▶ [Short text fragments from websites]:
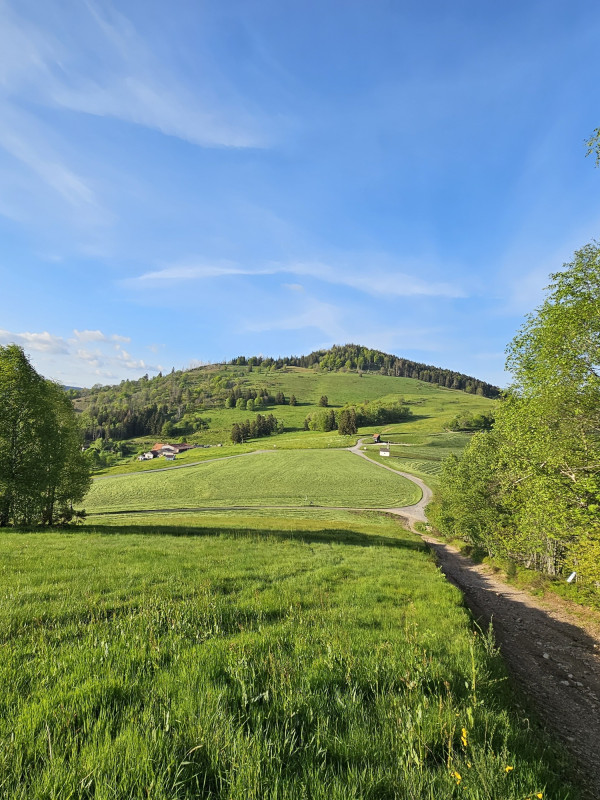 circuit-trail1-chapelle-des-ves-10
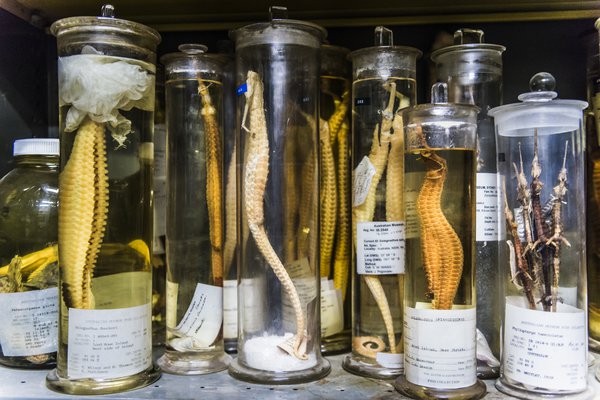 Ichthyology Collection Area 2018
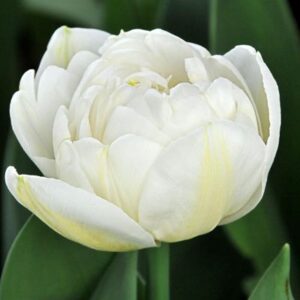 Тюльпан Касабланка 500 цибулин розмір 12+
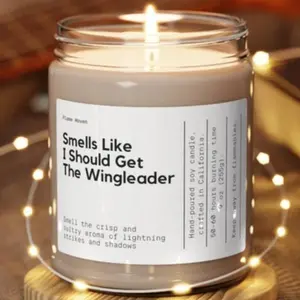 Smells Like I Should Get The Wingleader Candle, Fourth Wing Gift, Gift For Girlfriend, Tairn And Xaden Gift, Book Inspired, Iron Flame Merch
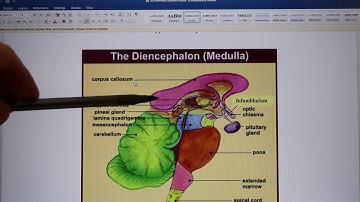 ACC Biol2404 IntroA&P Lab13 Neuron III Brain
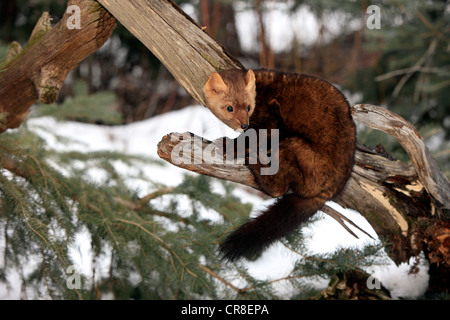 European Pine Marten (Martes martes), adult, foraging, winter, snow, Montana, USA, North America Stock Photo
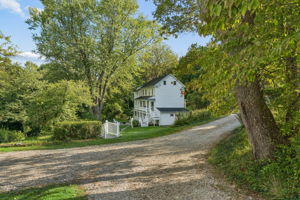 Monkton 85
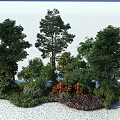 Mixed Landscape Plants Featuring Green Trees Reddish Shrubs And Lush Foliage On Light Ground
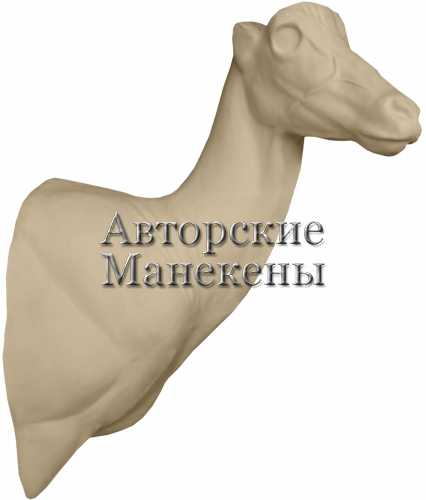 Манекен импала ИМЛТ-2 П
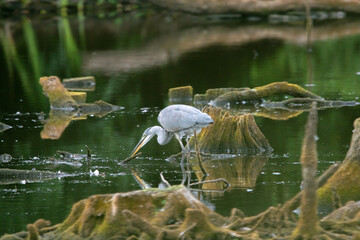 Czapla siwa (Ardea cinerea) na bagnie czatuje na zdobycz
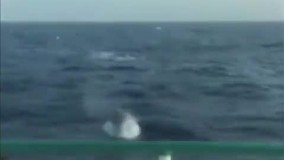 در تعقیب نهنگ‌ های قاتل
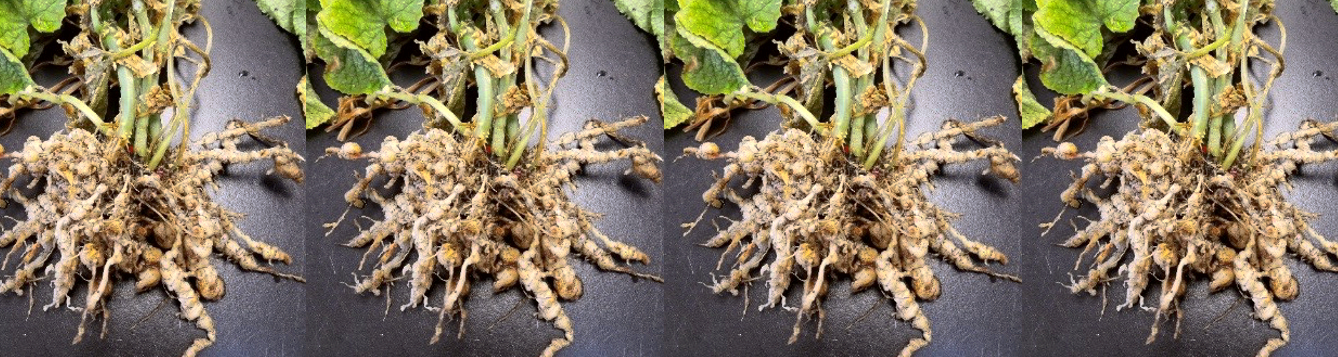 Those swellings on the roots could be root-knot nematodes - UF/IFAS ...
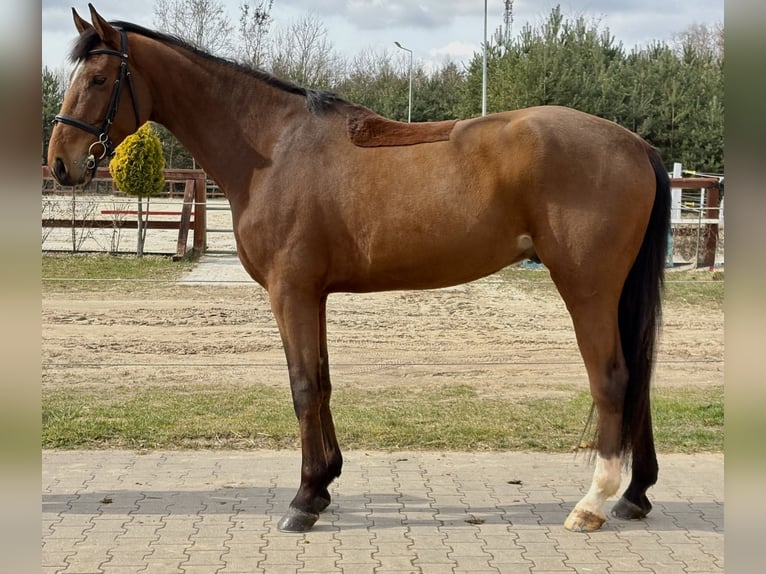 Cavallo sportivo polacco Castrone 6 Anni 174 cm Baio in Plewiska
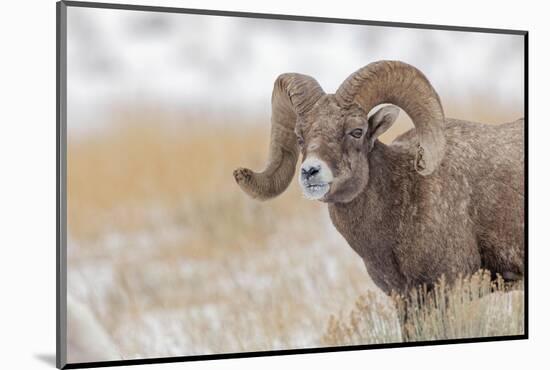 Bighorn sheep in winter. Grand Teton National Park, Wyoming-Adam Jones-Mounted Photographic Print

▶ [What this task involves]: Would you reproduce the lines above, from the very first through the line containing "Манекен импала ИМЛТ-2 П", exactly and without the pictures?

▶ [Response to the exercise]:
 circuit-trail1-chapelle-des-ves-10
 Ichthyology Collection Area 2018
 Тюльпан Касабланка 500 цибулин розмір 12+
 Smells Like I Should Get The Wingleader Candle, Fourth Wing Gift, Gift For Girlfriend, Tairn And Xaden Gift, Book Inspired, Iron Flame Merch
 ACC Biol2404 IntroA&P Lab13 Neuron III Brain
 European Pine Marten (Martes martes), adult, foraging, winter, snow, Montana, USA, North America Stock Photo
 Monkton 85
 Mixed Landscape Plants Featuring Green Trees Reddish Shrubs And Lush Foliage On Light Ground
 Манекен импала ИМЛТ-2 П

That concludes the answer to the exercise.